それにしてもヒナの奴、マジで狂ってたなぁ。というのが第一印象。お陰で私が密かにライバル視している狂人の、せっかくの感動の再会が危うく崩壊するところだった。
「ひゃくじゅ………つまりトップが110以上ある………わかってはいたけど、ヒナは化け物だな。お前もそう思うだろ?」
「………ナチュラルにセクハラをしてくるお前も最近化け物のように思えてきたのはなぜだ?」
失敬な。私はただヒナとかいうメスのぶっ飛んだ大胆さについて語りたかっただけなのに。

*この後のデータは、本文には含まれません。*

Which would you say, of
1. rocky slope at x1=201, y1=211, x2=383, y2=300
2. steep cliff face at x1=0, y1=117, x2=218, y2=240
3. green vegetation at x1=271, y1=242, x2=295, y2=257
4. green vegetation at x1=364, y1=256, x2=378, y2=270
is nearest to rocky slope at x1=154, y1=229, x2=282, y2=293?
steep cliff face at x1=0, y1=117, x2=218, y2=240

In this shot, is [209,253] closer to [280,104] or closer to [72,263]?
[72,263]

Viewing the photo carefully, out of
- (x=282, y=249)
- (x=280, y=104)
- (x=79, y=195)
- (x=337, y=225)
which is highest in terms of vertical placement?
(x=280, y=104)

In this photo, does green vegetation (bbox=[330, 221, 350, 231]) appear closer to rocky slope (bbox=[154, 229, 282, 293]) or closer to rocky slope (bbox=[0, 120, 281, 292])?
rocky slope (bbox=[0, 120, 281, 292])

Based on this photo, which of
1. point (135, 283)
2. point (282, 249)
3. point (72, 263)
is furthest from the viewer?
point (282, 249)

コウは私から目を背け、なんだかやりにくそうな顔をして、艦内に戻る。とはいえ距離は取らないのがコウの優しさではあるが。
みんな、満面の笑みを浮かべて戻っていく。戦争は終わり、死んだと思っていたクルーが戻ってきた。大団円の万々歳。ケチを付けようなんて命知らずはいない。これで今日からまた飯をうまいと思って食べることも、安心して眠ることもできるだろう。

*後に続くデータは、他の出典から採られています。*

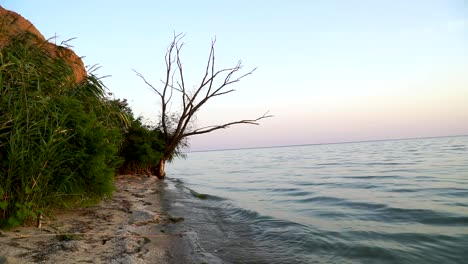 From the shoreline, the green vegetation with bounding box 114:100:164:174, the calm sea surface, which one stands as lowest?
the calm sea surface

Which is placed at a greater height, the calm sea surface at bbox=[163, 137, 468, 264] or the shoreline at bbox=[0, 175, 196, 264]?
the shoreline at bbox=[0, 175, 196, 264]

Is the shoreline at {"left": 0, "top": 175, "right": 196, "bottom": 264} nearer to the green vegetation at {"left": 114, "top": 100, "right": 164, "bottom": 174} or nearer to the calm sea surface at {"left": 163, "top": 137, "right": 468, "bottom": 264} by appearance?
the calm sea surface at {"left": 163, "top": 137, "right": 468, "bottom": 264}

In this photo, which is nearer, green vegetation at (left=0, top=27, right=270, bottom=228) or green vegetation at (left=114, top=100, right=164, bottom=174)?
green vegetation at (left=0, top=27, right=270, bottom=228)

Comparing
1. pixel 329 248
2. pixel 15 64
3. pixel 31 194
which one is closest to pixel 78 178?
pixel 31 194

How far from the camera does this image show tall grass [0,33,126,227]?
3.77m

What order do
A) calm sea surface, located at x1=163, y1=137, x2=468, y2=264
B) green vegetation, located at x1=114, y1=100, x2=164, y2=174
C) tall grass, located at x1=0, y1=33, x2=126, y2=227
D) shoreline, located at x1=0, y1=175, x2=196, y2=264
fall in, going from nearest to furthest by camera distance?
shoreline, located at x1=0, y1=175, x2=196, y2=264
tall grass, located at x1=0, y1=33, x2=126, y2=227
calm sea surface, located at x1=163, y1=137, x2=468, y2=264
green vegetation, located at x1=114, y1=100, x2=164, y2=174

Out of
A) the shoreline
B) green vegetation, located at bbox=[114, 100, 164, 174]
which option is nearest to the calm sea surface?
the shoreline

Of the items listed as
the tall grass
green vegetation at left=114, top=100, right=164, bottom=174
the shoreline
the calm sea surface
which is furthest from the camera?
green vegetation at left=114, top=100, right=164, bottom=174

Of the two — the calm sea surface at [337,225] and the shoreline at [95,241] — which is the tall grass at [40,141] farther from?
the calm sea surface at [337,225]

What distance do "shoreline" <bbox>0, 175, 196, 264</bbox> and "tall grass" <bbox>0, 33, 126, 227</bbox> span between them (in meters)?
0.34

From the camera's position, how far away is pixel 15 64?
4.32 m

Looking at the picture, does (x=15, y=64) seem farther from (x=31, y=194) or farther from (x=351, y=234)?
(x=351, y=234)

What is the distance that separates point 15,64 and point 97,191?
2208 mm

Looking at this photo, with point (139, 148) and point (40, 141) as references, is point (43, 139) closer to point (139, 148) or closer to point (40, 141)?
point (40, 141)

とはいえ、これですべてが終わったわけではない。アンノウンとの戦いが待っている。
多分だけど、第21話は終わって、第22話に突入しているはずだ。そこであの痛ましい事件が発生する。ライラの暴走だ。が、それはもう解決済み。なんていってもエースの献身が大きい。拉致されるはずのライラをその身で庇ってグラディオスに留めたのだ。

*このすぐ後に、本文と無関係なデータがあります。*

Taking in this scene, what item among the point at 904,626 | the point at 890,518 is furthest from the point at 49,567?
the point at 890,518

こりゃあ、しばらく楽ができそうだ。と思える余裕が私にも戻っていた。
「じゃあ、私はハンガーに向かうから。コウはシャワー浴びて休んでな。お疲れ様。グラディオスを守ってくれて、ありがとな」
「………とはいえ、可変機を手放してしまったことについては、やはり後悔の方が大きいがな。攻めも守りも中途半端だ」
「それは適正ってのがあるからだよ。今まで空戦と海戦ばかりだったけど、陸戦や宇宙戦になればコウだって活躍できるんだからさ」
「とは言ってもな。………艦長やカイドウさんが浮かない面持ちをしていたように、俺のことですべてが解決したわけではないし。………なにか、考えないとな」
エースが戻ってきたのに、もう研究モードに入るのか。勤勉な奴め。
苦笑しながらコウを見送る。
それから踵を返し───
「………なんで艦長とおやっさんは、浮かない顔をしていた? 嬉しいはずなのに。………まさか。………ハルモニ。少し調べて………いや計算してほしいことがある。今から述べる条件を基に、理論を構築して教えてもらいたい。いいか? まずは………」
往来が少なくなった通路にて、私は壁に背中を預けて、ハルモニに計算をさせた。
内容は、エースの体についてだった。
「エースの新しい機体、リヴァイヴのログを出せ」
『ノー。なにかよってプロテクトされております。あまりの強固なブロックに、侵入には時間を要します』
「ならエースの肉体についてだ。なにか気付いたことを教えろ」
謎を紐解いていくように。様々な条件を変えて、考察していく。
やがて得た結論というのは、とんでもない仮説で、つい先程「楽ができそうだ」などと考えた私が恥ずかしくなった。
エースの戦いは、まだ終わってなどいなかった。